Highlands

Sue Marsh reports on our visit to Highlands in June.

Approaching Highlands

Highlands sits like a butterfly on its gently unfolding hillside.  It is pure pastoral heaven!

One enters through a wildflower meadow, round a hedge and there is the garden, white and purple foxgloves the tallest we had ever seen standing sentinel over all the floriferous splendour of the place.  The banks of colour near the house a tonic for the soul as well as the eye and the white garden the calmest of balms.  And all so delicate.

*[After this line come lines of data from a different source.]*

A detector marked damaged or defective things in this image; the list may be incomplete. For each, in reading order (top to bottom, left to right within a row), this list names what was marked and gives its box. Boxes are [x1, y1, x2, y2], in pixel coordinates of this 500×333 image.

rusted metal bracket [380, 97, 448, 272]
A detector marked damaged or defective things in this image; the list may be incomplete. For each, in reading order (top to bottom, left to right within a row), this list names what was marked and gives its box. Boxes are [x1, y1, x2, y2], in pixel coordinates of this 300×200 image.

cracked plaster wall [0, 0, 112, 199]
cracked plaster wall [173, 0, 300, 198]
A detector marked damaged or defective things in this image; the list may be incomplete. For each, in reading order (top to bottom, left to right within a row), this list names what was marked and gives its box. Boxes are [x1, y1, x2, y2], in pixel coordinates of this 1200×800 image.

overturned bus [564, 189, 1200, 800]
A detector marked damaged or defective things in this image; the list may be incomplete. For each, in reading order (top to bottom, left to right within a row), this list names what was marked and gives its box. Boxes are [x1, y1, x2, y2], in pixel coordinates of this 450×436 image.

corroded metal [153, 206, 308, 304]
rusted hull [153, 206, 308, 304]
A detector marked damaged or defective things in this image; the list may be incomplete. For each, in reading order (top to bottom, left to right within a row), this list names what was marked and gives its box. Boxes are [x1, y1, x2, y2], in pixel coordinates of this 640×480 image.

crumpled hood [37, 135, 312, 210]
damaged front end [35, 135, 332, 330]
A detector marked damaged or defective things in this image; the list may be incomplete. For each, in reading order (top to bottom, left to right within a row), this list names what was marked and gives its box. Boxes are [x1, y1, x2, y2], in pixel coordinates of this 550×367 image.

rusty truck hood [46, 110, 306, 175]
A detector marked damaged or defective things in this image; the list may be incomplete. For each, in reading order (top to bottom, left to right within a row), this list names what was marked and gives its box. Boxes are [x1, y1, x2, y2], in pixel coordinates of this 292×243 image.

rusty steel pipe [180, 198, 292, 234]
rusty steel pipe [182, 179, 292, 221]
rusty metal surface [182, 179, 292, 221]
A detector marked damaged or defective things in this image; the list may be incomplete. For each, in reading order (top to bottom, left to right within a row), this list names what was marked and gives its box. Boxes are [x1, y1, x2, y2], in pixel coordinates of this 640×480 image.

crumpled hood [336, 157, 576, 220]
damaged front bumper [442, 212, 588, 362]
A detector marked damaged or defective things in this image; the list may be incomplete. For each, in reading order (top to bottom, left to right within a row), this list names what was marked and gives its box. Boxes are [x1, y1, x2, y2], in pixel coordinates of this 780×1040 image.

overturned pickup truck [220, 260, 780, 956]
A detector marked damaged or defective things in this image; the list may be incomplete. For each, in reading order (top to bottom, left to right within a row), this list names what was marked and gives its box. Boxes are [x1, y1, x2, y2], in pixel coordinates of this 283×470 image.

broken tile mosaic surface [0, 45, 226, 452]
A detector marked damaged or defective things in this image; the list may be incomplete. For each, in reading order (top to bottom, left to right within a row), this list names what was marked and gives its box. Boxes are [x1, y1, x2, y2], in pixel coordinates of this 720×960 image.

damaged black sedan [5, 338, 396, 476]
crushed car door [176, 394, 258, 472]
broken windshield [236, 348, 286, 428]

Chris Brown the (surely incomparable) Head Gardener told us how he mixes wild flowers with perennials and plants these in several layers, from ground hugging plants to the swaying poppy, pure white in the white garden, carmine in the other beds – and he told us how he considers the “footprint” of the various plants, some taking up less space than others so that all receive the nutrient they need from the soil.  Taking a Yellow Rattle he demonstrated how vital it is in the planting, and maintaining, of a meadow, the grass is host to the Rattle, slowly succumbing to its superior strength so that bare spaces are formed and wild flower seeds find their happy place.

Chris showed us trees and plants whose seeds had been garnered, via various gardening networks, from the temperate zones of the Himalayas and he led us through a woodland walk, so sophisticated in its planting our breath was taken away.  We walked to the natural swimming pool and saw Great Crested Newts with whom we would swim, having changed in the shepherd’s hut changing room!

Never had we seen such swathes of delicate colour, the glorious proof of Chris’s extraordinary talents.   He had told us he was following in the footsteps of the great Victorian gardener, William Robinson, in this magical creation of a “wild” garden.  With swallows darting across the sky, we were in heaven!